Top of EXERCISE INPUTS
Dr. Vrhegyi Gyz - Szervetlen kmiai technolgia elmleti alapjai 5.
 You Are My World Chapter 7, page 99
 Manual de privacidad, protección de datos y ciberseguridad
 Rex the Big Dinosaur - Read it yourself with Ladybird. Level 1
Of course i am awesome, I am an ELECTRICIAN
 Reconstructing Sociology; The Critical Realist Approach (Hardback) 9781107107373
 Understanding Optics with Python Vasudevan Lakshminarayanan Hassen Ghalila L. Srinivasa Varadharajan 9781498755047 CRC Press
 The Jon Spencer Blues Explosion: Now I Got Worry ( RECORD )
Bottom of EXERCISE INPUTS
◆ TASK
Above are the records. Identify each line that contains the word "with".

◆ REPLY TO THE EXERCISE
 Rex the Big Dinosaur - Read it yourself with Ladybird. Level 1
 Understanding Optics with Python Vasudevan Lakshminarayanan Hassen Ghalila L. Srinivasa Varadharajan 9781498755047 CRC Press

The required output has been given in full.